Notable visitors to the Polish district have included Presidents Richard Nixon and Ronald Reagan on July 8, 1987. In 1969, as then-Cardinal Karol Wojtyła, the future Pope John Paul II gave a mass at Sacred Heart Church. A statue was erected in his honor in 2007. Dubbed the city's "Polish heart" by The Boston Globe, Little Poland caught the attention of Polish Ambassador to the US Ryszard Schnepf, who toured the area with US Senators Chris Murphy and Richard Blumenthal, US Congresswoman Elizabeth Esty, as well as several members of the Polish Sejm.
An honorary Polish consulate was established in March 2017. The first of its kind in Connecticut, it was established by Polish diplomat to the United States Piotr Wilczek.

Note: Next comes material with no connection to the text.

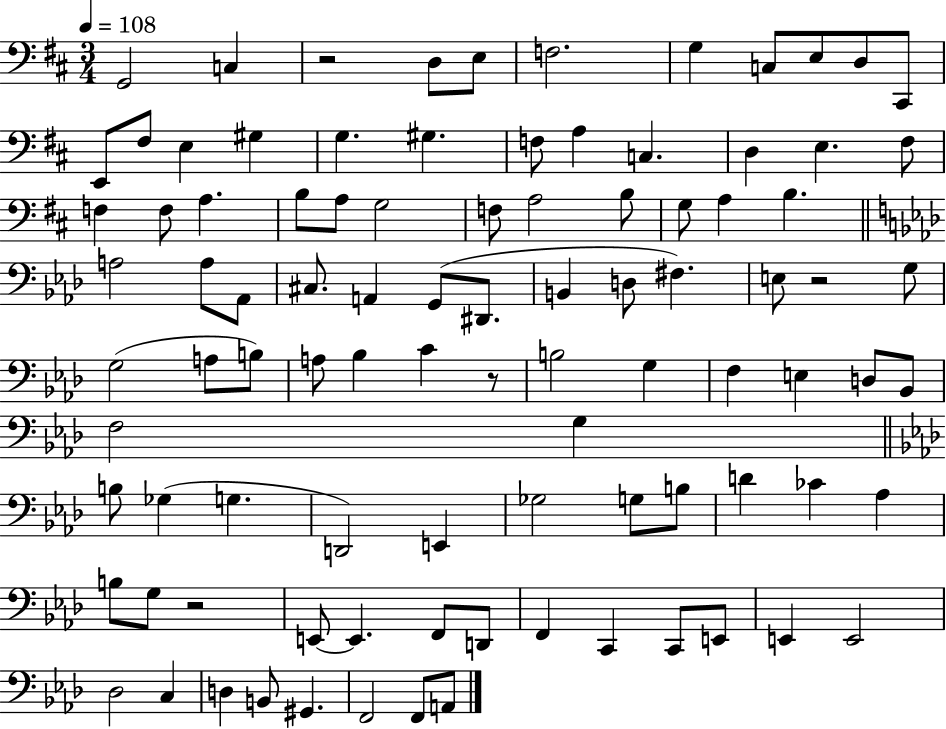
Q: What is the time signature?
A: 3/4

In September 2019, Polish President Andrzej Duda became the first head of state to visit New Britain when he addressed thousands in Walnut Hill Park prior to traveling to New York City for the United Nations General Assembly. Duda was joined by a variety of Connecticut politicians, including Governor Ned Lamont, U.S. Representative Jahana Hayes and Senators Chris Murphy and Richard Blumenthal.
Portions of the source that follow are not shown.